Warum jetzt die Abwanderungen? Weil die ÖVP viele Stimmen für einen Mitte-rechts-Kurs ­gewinnen konnte und die Positionierung „Mitte“ viele Mitte-rechts-Wähler:innen verunsichert. Das klingt nach Linksruck, und das Liebäugeln mancher in der ÖVP mit einer linken Anti-FPÖ-Koalition verstärkt die Abwanderung. Für viele christlich-soziale Abwanderer ist eine FPÖ unwählbar – diese Stimmen gehen dann eben zu anderen, für sie besser „wählbaren“ Protestparteien. Die Positionierung „Mitte“ ist grundsätzlich für die ÖVP herausfordernd, weil erklärungsbedürftig. Die Umschreibung mit „vernünftig“ oder „normale“ Politik in Abgrenzung zur Wokeness-Kultur wären besser geeignete Bilder, weil sie weniger missverständlich sind.

Der andere Grund für die Erosion der Mitte liegt im allgemeinen Zustand der Politik. Die Menschen haben genug von den ewig gleichen Stehsätzen und vom Politik-Theater in U-Ausschüssen. Das allgemeine Krisengerede über die „weltweit schweren Zeiten“ hilft nicht beim Bewältigen der Alltagssorgen. Die hysterische Dauererregung mancher Parteien und Medien gegen „Rechts-Extreme“ (wer auch immer das in Österreich ist), die Volkspartei oder den Klimawandel wirkt abstumpfend und ermüdend. Dazu kommt ein wachsendes Misstrauen gegen die Justiz, deren Maßnahmen und Urteile immer öfter unausgewogen erscheinen.

Ein Hoffnungsprogramm!

Eine alte Wahlkampf-Regel lautet: Für eine Bilanz wird man nicht gewählt. Man wird für Hoffnung und Zukunft gewählt. Ohne Hoffnung helfen die Verweise der Bundesregierung auf Abschaffung der kalten Progression und andere erfolgreiche Maßnahmen nicht (mehr): Es geht um eine Zukunftsvision, glaubwürdige Persönlichkeiten und die Kanzlerfrage. Dass es eine Mehrheit für eine Mitte-rechts-Regierung in Österreich gibt, scheinen manche zu vergessen, wenn die FPÖ als Hauptgegner ausgemacht wird.
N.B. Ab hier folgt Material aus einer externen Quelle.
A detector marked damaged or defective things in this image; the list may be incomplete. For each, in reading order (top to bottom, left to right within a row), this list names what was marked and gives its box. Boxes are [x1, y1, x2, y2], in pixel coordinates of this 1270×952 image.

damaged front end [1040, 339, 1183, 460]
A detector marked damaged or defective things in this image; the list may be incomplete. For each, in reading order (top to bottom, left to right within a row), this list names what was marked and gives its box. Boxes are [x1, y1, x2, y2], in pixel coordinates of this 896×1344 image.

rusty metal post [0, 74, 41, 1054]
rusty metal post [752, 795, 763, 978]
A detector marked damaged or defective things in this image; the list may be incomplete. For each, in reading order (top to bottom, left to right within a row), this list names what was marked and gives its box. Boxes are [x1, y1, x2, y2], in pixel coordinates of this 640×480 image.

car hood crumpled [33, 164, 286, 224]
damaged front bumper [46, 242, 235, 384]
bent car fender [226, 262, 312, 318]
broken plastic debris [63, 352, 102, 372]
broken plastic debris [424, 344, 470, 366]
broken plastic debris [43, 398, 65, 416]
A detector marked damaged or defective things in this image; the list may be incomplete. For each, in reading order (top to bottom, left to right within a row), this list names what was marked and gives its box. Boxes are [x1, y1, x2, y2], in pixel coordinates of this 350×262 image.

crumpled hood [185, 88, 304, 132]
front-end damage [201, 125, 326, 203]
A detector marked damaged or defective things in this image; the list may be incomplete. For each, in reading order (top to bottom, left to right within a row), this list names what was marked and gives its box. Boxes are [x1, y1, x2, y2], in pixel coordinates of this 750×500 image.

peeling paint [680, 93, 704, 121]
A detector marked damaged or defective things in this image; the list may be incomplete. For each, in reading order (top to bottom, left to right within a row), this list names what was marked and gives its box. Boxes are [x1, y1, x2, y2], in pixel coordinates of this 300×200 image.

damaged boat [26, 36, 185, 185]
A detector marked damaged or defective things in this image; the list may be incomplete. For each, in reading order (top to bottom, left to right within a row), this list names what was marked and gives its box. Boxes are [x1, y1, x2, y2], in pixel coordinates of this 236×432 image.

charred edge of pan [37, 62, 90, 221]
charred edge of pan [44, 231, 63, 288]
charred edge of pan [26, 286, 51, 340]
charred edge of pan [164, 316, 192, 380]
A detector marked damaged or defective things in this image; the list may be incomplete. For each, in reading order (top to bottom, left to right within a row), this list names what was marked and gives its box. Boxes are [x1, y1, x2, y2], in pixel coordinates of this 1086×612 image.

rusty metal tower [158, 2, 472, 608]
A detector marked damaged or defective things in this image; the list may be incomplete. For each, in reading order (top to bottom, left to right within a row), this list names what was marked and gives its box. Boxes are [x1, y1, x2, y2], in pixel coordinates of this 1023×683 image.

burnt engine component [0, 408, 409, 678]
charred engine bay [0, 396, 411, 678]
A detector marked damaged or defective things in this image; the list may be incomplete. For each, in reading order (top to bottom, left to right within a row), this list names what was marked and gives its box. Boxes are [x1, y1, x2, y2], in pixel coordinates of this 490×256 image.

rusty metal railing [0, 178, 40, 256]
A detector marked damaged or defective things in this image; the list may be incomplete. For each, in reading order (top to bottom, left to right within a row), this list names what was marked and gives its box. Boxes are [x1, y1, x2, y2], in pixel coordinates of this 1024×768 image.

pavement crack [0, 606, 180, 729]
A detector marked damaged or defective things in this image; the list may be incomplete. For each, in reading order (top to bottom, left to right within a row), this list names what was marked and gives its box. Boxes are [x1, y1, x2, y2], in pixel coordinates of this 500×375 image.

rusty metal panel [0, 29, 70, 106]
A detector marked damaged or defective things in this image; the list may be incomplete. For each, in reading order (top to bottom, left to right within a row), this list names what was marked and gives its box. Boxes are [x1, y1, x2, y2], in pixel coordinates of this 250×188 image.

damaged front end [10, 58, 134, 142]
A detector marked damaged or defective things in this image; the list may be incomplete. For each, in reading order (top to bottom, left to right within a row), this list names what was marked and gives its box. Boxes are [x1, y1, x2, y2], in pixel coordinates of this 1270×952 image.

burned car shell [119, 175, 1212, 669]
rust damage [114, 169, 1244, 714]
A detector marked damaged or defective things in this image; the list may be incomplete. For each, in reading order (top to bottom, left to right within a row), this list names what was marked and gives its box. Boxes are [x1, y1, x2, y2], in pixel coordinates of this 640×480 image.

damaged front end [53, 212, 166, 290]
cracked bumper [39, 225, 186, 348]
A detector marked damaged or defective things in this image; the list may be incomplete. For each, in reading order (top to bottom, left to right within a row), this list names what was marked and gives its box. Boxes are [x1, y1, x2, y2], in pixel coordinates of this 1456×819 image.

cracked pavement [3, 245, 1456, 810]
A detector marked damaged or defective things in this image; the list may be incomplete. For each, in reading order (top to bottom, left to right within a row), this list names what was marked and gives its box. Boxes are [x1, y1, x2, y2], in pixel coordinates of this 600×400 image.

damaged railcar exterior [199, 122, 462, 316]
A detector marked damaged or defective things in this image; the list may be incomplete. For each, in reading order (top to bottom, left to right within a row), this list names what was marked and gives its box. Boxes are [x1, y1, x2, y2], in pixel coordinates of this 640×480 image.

Wie kommt man da raus? Mit einem radikalen bürgerlichen Hoffnungsprogramm, das Recht, Ordnung und Justiz behandelt, das straffällige Ausländer konsequent abschiebt, das Wohlstand und Eigentum verteidigt und das dank Vernunft eine Aussöhnung von Klimaschutz und Wirtschaftswachstum schafft. Der „Österreichplan“ von Karl Nehammer ist ein gutes Fundament, aber noch keine ausreichend knackige Vision für Österreich.

Und mit Personen, die Klartext sprechen. Mit einer klaren Kanzleransage – eine bloße Anti-FPÖ-Position wird auf Dauer nicht reichen.

Mag. Markus Keschmann (*1972) ist langjähriger politischer Kampagnen-Manager und war rund 20 Jahre für die ÖVP tätig.